Leaders surround themselves with smart people. Smarter than them, ideally. That’s the way you grow talent and capability. It makes it tough, though, to get out of the way of all that talent and let them shine. I’ve had leaders who were very good at it, and leaders that weren’t. The worst had an uncanny knack for building their career on the work of others. Specifically when it came to presentations. Part of your role is making your leader look good, just as it is part of their job to make you look good. It’s how the world spins.
In this case, though, the circumstances were a little different. I was being recruited for a role, and was very interesting in getting it locked up. Following a full day of interviews, I built and sent a deck on a major initiative that I was told would be my top priority. I outlined my general approach, the key milestones I would expect to reach, timing and obstacles I would try to anticipate. I felt good about the work, and a few weeks later was a member of the team.
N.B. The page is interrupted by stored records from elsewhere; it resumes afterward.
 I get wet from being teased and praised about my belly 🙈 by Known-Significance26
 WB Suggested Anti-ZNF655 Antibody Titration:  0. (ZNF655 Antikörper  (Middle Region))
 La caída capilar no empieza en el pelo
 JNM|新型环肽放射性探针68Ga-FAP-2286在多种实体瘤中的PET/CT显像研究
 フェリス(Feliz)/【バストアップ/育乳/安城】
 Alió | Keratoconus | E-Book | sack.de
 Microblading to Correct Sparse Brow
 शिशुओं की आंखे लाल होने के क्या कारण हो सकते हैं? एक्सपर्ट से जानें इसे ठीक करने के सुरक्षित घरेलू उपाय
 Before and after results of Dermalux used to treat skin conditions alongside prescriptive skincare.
The presentation wasn’t brought up until about six months later. That’s when I found out that the person with whom I shared the deck was impressed. So impressed, in fact, he used it as HIS OWN PRESENTATION for a group as part of a full day retreat. That’s not to say it was unchanged, of course. He took the time to remove my name and change it to the corporate theme. The worst part is he was pretty proud if being resourceful enough to do so.
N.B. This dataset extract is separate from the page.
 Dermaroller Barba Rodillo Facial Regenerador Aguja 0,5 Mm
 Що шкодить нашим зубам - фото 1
I’m not saying that has contributed to my style of using very abstract slides, as I think it’s a much better way to build a presentation anyway. But the truth is I think about that a little every time I share a presentation.
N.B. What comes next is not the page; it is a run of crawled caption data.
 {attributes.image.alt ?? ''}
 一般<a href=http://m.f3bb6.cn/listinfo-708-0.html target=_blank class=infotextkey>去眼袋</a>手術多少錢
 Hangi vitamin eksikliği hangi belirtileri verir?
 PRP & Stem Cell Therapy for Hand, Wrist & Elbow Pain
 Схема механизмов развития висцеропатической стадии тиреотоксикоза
Give people credit. Especially if you have nothing to gain by doing so, and they may never find out. You’ll look better and be far more trustworthy in the eyes of others.
Timely support doesn’t beat no support. In some ways, it’s a lot worse.
It can be tough to speak up when you have something important to say. I’ve found myself in that position at times, and have been blessed in many cases with leaders who know enough to listen to dissenting voices. But not always.
I worked on a major project, and could see that we were burning resources to bring in consultants that, frankly, we didn’t really need. And by burning resources, I mean we were likely going to cut headcount to support ROI for the project. Working with a few others, who were internal resources that had experience with exactly the work we were trying to complete, we put together a plan to do the job for less money and in less time. We presented to our leader, who gave us vocal support and a green light.
The next day our project team was on a call with our sponsor. It was the perfect opportunity to present our case and discuss the options. The call opened, though, with the pronouncement that we had made the decision on using the consultants for the project, and that any disucssion on that point was unwelcome and unnecessary. A pronouncement made by the very same leader that had given us his backing the night before.
Support is great. But pulling it back at the wrong moment without discussion will destroy your credibility.
It’s not good enough to be self aware.
My final bad boss example is my favorite. A team I worked with had a leader who lived the Golden Rule. He treated the team as he wanted to be treated. Lots of ambiguity and freedom to define your role, very little restriction on how you worked, and when decisions were to be made, they were proceeded by discussions with the team to get the best ideas around. And it drove some of the team bonkers.
Sure, he’d make a hard decision when needed, but it was tough to know when that would be. And when it came to discipline, you could be pretty sure he would go easy on everyone. Too much of a team member, not enough of a team leader. Not everyone thrives in that environment, and the team sometimes suffered for it.
Treat others as they want to be treated, not as you want. That’s the lesson I learned from him. Why is it my favorite? Because I was that leader. I also learned that self awareness can go a long way in your development.
Yup, bad bosses are pretty special people. I hope you’ve had your share. But no more than that.